I think the person that I am most glad about that got me here is God. I praise him every day for the miracle that I am here. I think it is a miracle of forgiveness. I think if I have used one term in my life that has meant more to me, it’s that a man can do 32,000 killings and still stand up here and tell about it and change his whole life to now support babies, and support their lives instead of taking them. I think it just shows that true love never fails and always forgives. Really, it is a question of commitment; that God was committed to me long before I was certainly committed to Him.
As part of the medical training, abortions became a necessary procedure, according to my chief of my department. This was in 1971. This was a few years before the law changed in the country, but it changed in New York a few years before, and the abortion law changed, and we were going to do abortions. After all, we needed to serve women. We needed to do it in a complete way. We needed to know all the procedures that we needed to do for women. We needed to know how to do them well; otherwise we weren’t considered effectively trained. Our chief said that if we didn’t do the abortions, we might as well get out of obstetrics and gynecology because we just wouldn’t be a complete physician.

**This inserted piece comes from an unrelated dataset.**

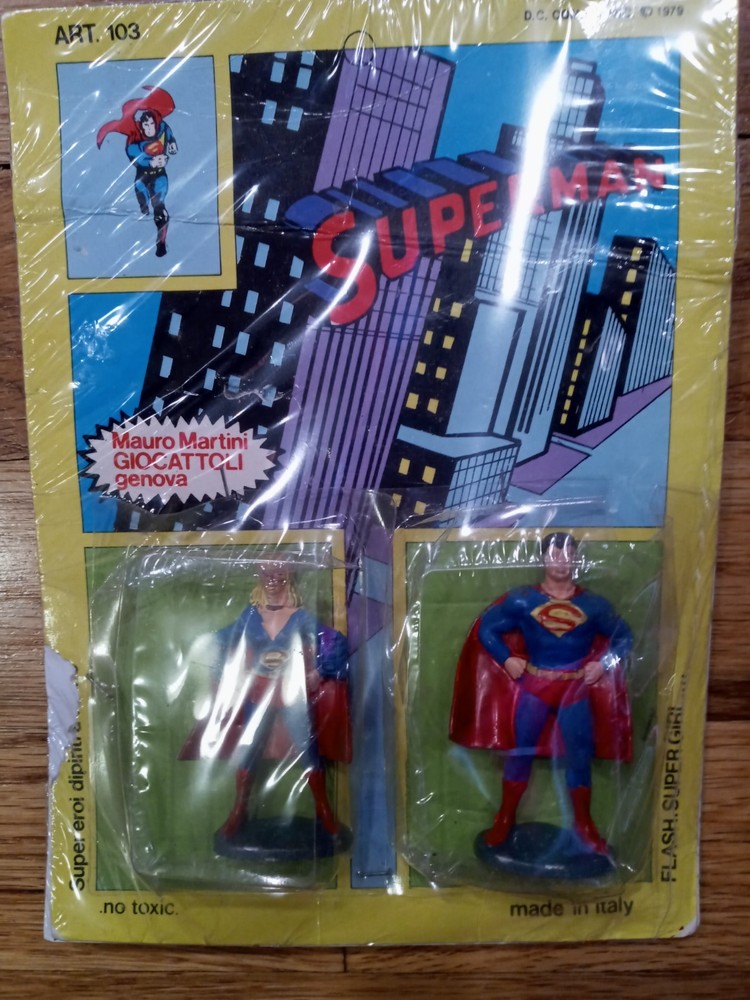 VINTAGE 1979 SUPERMAN SUPERGIRL FIGURE SET ITALY GIOCATTOLI- RARE MOC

The media was very active early on. It really probably was one of the major influences to us. It told us that abortion was number one, legal, that it was to serve women, it was to give women a choice, more or less give them a freedom to grow and to take their rightful place in society where they had been kind of pushed down prior to that. We believed the lie that there were tens of thousands of women being maimed and killed from illegal abortions prior to the legalization of abortion law. It kind of made things feel a little bit better. By this time, since we were doing five or six a day, it didn’t bother us as much.

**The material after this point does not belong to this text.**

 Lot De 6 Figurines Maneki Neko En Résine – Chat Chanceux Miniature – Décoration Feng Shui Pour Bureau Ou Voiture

I could make $25.00 for each abortion case, but we did 20 or 30 of those some days, and I remember one day, when they really got going, we did 62. That was my high point, or, you might say, low point. So you could make a great deal of money doing the abortions, it became quite evident. Through my industriousness and my skill, I was sort of appointed by the medical director of the clinic to more or less take over the running of the clinic from the medical perspective and I, myself, became the medical director of a clinic there.
At the same time, He knew that I was going to be starting to do these D&E procedures, because just at that time the D&E procedures were starting up in the clinic. Now, as you have heard about these, the babies are bigger. They are visible, they are fully-formed babies, and you are tearing them apart from below. I was experienced–I had done many, many thousands by then–so I was sent to Chicago to learn this procedure, and I did, because no one else knew how to do them safely. So, I did them and I started doing them, and then I really started feeling uncomfortable.
The other thing that was shocking to this science of fetology that may have been talked about today was well-developed now. Interestingly enough, almost parallel with the abortion movement, this (I am sure God set this up, of course) was to show everyone that at the same time we are killing babies to tell us that they really were babies. I think the greatest thing there is– there are all sorts of details on babies feeling things and having brain waves and being so well-developed and almost indistinguishable really from us and our own sensitivities–but I think the greatest thing that got to us was the ultrasound. At that time, the ultrasound was a sound wave picture which was moving, called real-time ultrasound, to show the baby really on TV. The baby really came alive on TV and was moving and that picture–that picture of the baby on the ultrasound bothered me more than anything else, because as I didn’t know then really, you bond with that picture. Women get those pictures even if they are still pictures, and boy, it’s their baby and they put it up on walls, they bring it in to show it to me, and they don’t even know what’s there, but they see head, arm, leg all typed out for them so they know what it is, but they know it’s a baby.
When we started, we lost two nurses. They couldn’t take looking at it. Some other staff was lost. The turnover got greater when we started doing the D&Es and mostly, as I said, the ultrasounds. So I think the ultrasound was one of the keys there. The other thing, too, is because the women who are having the abortions are never allowed to look at the ultrasound, because we know even if they heard the heart beat that many times they wouldn’t have the abortion, and you wouldn’t want that. No money in that.
Through Dr. Randall’s second wife Becky, he felt convicted of the thousands of abortions he was responsible for–a process that had led him through divorce, the occult, and years of regret. He eventually stopped performing abortions, and began working for a local crisis pregnancy center. His life became completely devoted to saving unborn lives rather than taking them. Sadly, Dr. Randall has passed away due to a car accident nearly 10 years ago. Thankfully, he saw redemption and transformation in his life–showing that change is possible within anyone.